A side point: I suspect bombs are at bottom of the price chart in terms of financing an attack. More likely, the most expensive part is finding someone stupid enough to blow themselves up, and getting them to the right place at the right time. The cost of doing this undetected would probably increase non-linearly with the number of people involved in your attack.

2 comments

Which is why Khalid Sheikh Mohammed never gets on the suicide flights. Terrorist management is expensive. Terrorist suckers are cheap, and if the history of the Iraq and Palestinian experience is an indicator, will get cheaper as AQ gets more operational experience.
The good news for our side, is that these people have to be simultaneously stupid enough to blow themselves up, yet bright enough to make it through security. This is why El Al's approach to security (personal interviews with all passengers) is effective - you'd have to be close to genius level to get through their screening without triggering a (real-world, not TSA-Pansy) pat-down and luggage check - at which point, if you were that bright, you probably wouldn't be volunteering for kaboom duty.
Or they could send someone through multiple times, giving them a prepared briefcase each time, but only put a bomb in it the last time, but telling them that there was a bomb each time; eventually, even an idiot will get used to it, and stop triggering their screening. Hell, depending on what sort of records they keep, they might eventually interpret his nervousness to just be who he is (dislikes flying, say), and wave him through anyways.
If my (discredited by most on HN, but I still hold to it) theory regarding El Al security screening is correct, they aren't principally looking for people who are nervous, or acting guilty (though they'll pull those people aside as well) - rather they are trying to identify individuals that fall within the category of people that might bomb El Al, and then pull them aside for selective screening.

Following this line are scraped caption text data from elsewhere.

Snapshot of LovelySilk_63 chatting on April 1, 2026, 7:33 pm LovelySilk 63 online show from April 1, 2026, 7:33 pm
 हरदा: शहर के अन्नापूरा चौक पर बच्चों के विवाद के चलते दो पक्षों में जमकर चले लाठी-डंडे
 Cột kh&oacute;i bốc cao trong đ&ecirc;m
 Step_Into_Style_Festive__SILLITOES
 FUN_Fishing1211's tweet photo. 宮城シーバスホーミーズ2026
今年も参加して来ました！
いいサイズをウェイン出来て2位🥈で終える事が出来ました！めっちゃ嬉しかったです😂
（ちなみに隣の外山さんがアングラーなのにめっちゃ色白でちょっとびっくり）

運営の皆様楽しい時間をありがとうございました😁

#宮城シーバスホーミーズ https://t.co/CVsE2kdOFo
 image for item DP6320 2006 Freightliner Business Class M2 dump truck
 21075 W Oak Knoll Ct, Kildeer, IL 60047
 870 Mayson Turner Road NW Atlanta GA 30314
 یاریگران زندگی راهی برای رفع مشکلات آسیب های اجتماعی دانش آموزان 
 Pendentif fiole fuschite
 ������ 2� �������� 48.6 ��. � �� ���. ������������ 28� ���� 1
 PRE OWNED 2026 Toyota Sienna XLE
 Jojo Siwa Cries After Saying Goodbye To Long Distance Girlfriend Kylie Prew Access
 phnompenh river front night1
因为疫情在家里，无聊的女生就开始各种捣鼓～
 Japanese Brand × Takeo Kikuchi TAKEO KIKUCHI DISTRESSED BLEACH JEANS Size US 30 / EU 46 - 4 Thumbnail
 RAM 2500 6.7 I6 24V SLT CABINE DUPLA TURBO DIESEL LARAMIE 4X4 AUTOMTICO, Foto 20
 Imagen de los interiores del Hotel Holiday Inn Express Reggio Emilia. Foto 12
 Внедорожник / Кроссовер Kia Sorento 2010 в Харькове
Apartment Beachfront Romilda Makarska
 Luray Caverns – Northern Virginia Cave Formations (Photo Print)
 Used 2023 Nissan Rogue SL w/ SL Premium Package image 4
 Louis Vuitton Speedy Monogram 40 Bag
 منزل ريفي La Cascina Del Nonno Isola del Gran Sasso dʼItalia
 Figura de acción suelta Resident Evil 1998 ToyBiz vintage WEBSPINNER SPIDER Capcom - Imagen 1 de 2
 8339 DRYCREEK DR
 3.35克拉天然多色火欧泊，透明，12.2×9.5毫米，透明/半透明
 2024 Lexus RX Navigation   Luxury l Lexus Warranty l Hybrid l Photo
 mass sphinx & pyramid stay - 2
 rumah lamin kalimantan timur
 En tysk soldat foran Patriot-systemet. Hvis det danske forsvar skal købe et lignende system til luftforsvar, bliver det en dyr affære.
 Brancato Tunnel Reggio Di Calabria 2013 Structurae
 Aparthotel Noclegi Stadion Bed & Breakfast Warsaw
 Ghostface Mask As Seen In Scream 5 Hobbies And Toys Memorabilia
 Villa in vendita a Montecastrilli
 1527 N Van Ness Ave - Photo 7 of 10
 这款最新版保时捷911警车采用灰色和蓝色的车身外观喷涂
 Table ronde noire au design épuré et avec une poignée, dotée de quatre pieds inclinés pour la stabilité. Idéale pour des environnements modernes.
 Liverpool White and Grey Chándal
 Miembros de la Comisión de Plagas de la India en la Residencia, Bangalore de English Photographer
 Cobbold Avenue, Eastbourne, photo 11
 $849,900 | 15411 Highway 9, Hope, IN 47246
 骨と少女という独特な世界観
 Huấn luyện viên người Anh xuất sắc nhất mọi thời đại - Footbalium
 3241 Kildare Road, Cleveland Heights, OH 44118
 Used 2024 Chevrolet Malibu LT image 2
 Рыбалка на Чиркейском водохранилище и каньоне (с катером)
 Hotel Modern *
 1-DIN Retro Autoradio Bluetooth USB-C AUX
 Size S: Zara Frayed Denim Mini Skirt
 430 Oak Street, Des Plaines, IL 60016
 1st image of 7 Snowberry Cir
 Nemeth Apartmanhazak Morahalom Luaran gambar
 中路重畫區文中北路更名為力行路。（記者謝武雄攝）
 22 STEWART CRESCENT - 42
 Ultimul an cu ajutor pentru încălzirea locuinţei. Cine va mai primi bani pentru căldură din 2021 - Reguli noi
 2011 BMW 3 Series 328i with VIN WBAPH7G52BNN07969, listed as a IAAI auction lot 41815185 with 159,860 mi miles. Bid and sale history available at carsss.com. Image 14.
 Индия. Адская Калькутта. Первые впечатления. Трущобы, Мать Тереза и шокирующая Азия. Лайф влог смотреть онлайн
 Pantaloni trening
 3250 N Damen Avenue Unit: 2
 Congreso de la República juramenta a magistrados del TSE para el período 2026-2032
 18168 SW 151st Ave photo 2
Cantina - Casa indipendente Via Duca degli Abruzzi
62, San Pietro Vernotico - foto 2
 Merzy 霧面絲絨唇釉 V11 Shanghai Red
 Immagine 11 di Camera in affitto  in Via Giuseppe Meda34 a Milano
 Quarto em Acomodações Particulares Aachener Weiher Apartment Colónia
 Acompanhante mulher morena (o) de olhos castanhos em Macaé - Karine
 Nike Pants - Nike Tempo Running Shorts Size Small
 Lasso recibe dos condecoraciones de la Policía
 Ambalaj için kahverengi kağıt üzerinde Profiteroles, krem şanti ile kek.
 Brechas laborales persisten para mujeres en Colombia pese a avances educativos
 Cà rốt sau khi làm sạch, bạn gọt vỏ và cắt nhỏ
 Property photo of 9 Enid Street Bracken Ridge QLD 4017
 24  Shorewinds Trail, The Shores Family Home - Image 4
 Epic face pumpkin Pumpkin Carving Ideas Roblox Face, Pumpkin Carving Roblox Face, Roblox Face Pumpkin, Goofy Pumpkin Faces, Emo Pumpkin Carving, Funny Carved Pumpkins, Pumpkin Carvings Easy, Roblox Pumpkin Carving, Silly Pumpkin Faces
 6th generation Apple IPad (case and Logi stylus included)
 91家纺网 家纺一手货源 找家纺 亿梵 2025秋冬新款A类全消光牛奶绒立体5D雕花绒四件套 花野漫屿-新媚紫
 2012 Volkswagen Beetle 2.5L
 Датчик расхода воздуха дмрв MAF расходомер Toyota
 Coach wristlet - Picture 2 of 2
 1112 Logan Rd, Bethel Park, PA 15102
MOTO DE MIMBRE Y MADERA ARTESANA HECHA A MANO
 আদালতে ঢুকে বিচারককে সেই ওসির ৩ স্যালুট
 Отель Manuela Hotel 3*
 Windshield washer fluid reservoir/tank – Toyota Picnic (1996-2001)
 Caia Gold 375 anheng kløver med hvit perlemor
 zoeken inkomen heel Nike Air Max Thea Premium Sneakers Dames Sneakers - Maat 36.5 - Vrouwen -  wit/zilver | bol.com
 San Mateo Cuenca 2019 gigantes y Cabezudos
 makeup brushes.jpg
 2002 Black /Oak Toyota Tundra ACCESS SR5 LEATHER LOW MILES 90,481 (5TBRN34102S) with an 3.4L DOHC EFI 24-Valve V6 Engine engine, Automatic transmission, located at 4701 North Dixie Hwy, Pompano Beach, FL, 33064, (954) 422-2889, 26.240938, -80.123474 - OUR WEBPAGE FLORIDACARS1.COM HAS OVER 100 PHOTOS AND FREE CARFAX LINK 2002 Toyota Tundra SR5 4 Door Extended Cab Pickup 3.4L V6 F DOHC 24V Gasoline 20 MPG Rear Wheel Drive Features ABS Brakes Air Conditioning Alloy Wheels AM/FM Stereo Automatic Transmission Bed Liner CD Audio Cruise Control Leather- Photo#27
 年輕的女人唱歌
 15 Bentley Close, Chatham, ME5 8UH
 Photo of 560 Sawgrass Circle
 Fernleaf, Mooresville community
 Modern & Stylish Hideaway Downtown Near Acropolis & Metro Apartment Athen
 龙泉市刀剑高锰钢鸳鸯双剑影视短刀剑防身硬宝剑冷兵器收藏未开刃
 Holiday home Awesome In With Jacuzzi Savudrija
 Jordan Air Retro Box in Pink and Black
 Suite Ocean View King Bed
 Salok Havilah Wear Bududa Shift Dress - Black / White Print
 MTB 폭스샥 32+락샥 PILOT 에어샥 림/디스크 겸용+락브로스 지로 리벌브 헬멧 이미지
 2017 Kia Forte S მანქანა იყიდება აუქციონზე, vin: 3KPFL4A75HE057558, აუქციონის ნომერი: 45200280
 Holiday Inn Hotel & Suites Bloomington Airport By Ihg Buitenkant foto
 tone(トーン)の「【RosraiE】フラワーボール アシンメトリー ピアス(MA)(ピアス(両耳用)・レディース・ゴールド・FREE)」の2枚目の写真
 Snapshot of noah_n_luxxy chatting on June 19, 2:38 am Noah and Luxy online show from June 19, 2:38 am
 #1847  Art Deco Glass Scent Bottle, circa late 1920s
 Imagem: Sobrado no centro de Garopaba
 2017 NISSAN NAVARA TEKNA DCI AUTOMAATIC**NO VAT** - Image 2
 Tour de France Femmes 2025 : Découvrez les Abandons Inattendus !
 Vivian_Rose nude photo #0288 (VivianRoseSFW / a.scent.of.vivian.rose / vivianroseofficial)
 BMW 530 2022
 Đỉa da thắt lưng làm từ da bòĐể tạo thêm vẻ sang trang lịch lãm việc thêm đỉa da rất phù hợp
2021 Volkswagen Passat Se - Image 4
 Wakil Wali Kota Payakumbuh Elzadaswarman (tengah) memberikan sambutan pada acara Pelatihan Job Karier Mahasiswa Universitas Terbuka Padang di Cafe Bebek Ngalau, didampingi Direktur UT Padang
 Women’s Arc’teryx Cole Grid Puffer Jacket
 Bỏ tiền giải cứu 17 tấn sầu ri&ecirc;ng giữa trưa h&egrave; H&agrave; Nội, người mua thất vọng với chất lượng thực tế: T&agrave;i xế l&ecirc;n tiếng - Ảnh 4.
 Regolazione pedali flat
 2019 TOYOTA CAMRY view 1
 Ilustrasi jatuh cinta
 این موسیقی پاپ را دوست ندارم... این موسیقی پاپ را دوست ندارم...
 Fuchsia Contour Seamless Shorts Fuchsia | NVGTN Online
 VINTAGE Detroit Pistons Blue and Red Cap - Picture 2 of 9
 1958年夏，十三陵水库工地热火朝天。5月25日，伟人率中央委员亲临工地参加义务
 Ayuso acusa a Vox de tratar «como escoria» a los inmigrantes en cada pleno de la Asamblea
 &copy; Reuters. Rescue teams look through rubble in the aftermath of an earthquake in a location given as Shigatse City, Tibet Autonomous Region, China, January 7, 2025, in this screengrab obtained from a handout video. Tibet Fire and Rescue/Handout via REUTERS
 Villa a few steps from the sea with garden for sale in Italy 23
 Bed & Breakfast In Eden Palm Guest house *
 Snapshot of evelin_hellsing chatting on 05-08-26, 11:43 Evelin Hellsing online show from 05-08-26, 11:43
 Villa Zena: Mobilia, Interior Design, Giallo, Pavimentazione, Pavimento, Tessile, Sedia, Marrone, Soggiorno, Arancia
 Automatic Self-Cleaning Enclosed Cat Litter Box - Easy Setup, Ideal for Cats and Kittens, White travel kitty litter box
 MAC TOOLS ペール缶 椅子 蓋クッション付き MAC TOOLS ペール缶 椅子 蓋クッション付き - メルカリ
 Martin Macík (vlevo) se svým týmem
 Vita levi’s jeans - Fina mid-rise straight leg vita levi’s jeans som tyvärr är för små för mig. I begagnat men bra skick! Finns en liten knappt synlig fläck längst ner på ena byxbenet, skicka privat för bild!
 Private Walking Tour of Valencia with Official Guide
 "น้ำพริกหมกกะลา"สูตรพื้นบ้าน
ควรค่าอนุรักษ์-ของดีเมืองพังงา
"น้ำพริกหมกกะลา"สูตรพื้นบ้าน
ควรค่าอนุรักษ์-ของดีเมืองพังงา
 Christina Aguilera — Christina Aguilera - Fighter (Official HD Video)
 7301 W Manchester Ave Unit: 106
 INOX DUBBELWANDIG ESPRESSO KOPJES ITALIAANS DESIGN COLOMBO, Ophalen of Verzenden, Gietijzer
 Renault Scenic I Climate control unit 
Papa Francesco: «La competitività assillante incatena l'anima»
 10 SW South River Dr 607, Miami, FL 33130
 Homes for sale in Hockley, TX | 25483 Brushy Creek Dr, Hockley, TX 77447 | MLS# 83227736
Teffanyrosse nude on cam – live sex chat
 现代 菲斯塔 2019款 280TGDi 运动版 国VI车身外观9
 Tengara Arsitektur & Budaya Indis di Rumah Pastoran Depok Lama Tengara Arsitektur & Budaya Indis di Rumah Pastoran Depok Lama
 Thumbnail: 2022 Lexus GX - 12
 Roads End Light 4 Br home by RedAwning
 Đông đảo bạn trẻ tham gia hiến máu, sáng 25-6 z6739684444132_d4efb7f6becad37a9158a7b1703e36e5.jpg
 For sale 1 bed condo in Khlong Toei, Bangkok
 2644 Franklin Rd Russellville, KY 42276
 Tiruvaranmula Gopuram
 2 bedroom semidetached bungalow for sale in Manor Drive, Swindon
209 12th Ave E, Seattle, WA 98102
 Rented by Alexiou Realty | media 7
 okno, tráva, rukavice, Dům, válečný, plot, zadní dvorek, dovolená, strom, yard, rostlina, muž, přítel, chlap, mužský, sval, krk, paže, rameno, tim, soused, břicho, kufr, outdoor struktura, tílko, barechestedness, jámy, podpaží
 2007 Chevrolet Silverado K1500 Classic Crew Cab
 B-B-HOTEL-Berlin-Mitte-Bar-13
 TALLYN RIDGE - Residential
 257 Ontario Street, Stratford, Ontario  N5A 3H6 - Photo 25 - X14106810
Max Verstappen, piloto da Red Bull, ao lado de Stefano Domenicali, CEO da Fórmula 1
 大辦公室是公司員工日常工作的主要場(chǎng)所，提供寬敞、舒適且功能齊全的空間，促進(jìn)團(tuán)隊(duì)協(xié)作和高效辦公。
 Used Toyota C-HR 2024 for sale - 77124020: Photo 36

Your average Muslim individual would have little chance convincing a screener they were an observant Jew, and would always fail regardless of how many times they attempted.

By the time they had learned a patter that would get them through security, they would probably be bright enough to say "Hey, why am I wasting my life by blowing myself up? I should probably _run_ operations instead of being in them"

The supposed success of El Al isn't (in my opinion) that they can stop a broad community of attackers, rather it is that they are effective in profiling quickly, and passing through 95% of the passengers quickly, and only subjecting 5% to selective screening.

I'd be interesting in hearing of the experiences of any Palestinian or Muslim passengers that have flyed on El Al for anecdotal confirmation of this.